*Given data*:

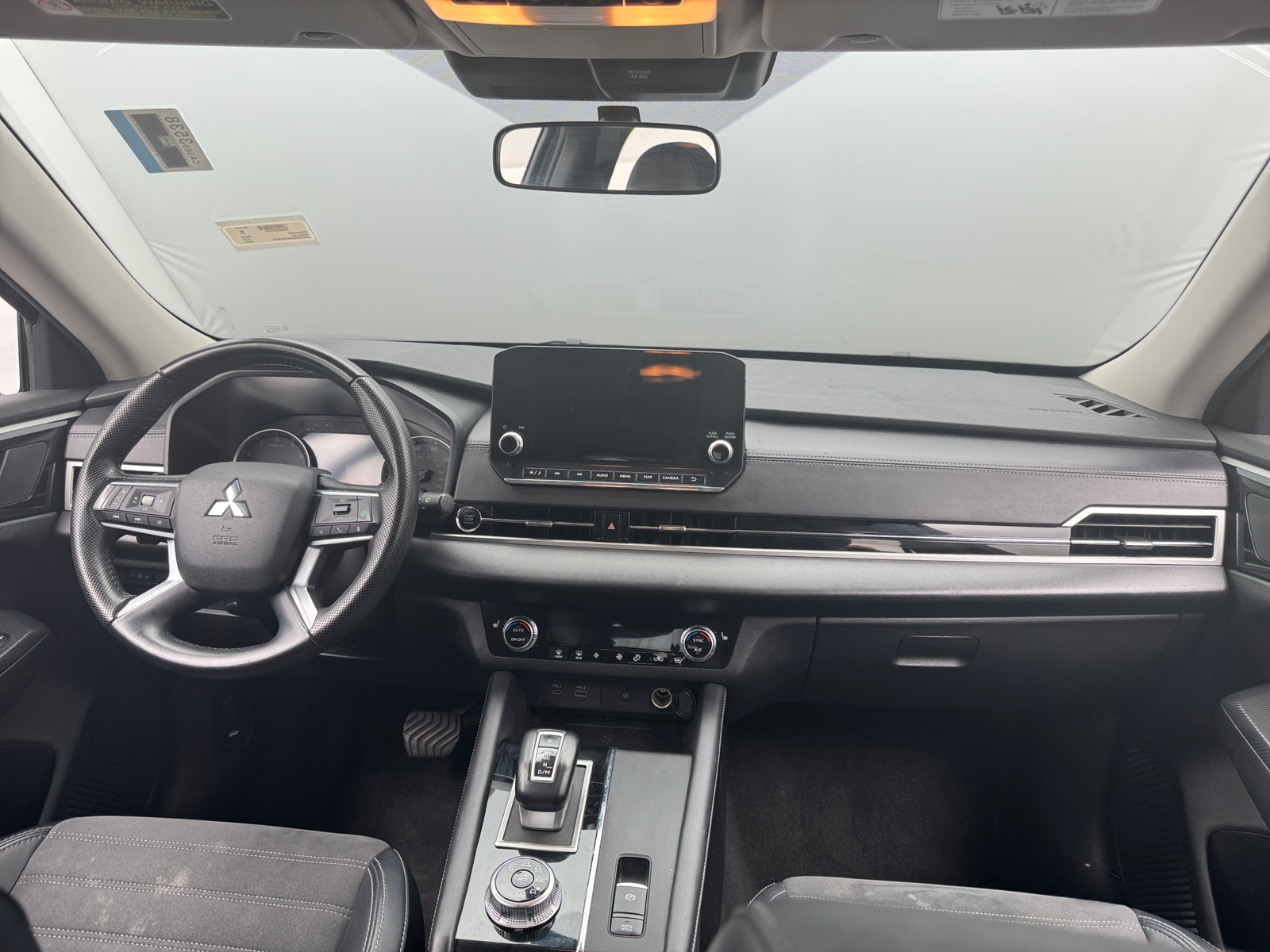 Thumbnail: 2024 Mitsubishi Outlander - 2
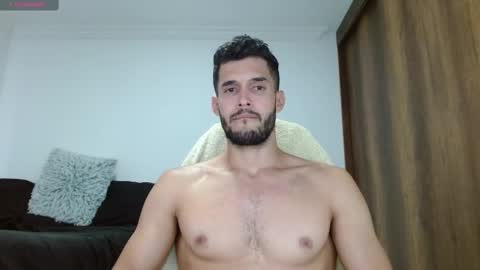 Snapshot of noah_jhonsonn chatting on 02-24-25, 05:20 Noah online show from 02-24-25, 05:20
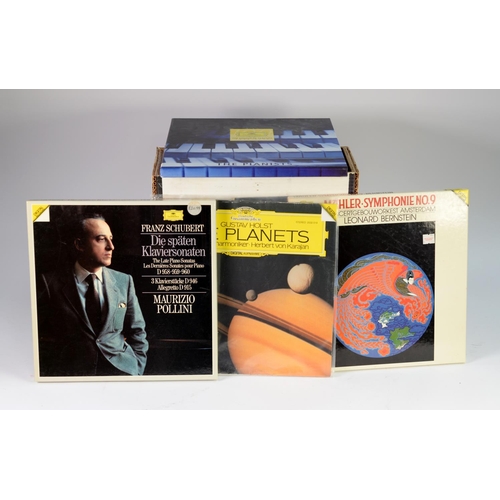 137 - CLASSICAL VINYL RECORDS. KEMPFF - Mozart KV 488, KV 491, DGG SLPM 138645, RED STEREO. Together with ...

*Directions for this task*: Could you give the listing again exactly, minus its pictures?

*Result*:
 Thumbnail: 2024 Mitsubishi Outlander - 2
 Snapshot of noah_jhonsonn chatting on 02-24-25, 05:20 Noah online show from 02-24-25, 05:20
 137 - CLASSICAL VINYL RECORDS. KEMPFF - Mozart KV 488, KV 491, DGG SLPM 138645, RED STEREO. Together with ...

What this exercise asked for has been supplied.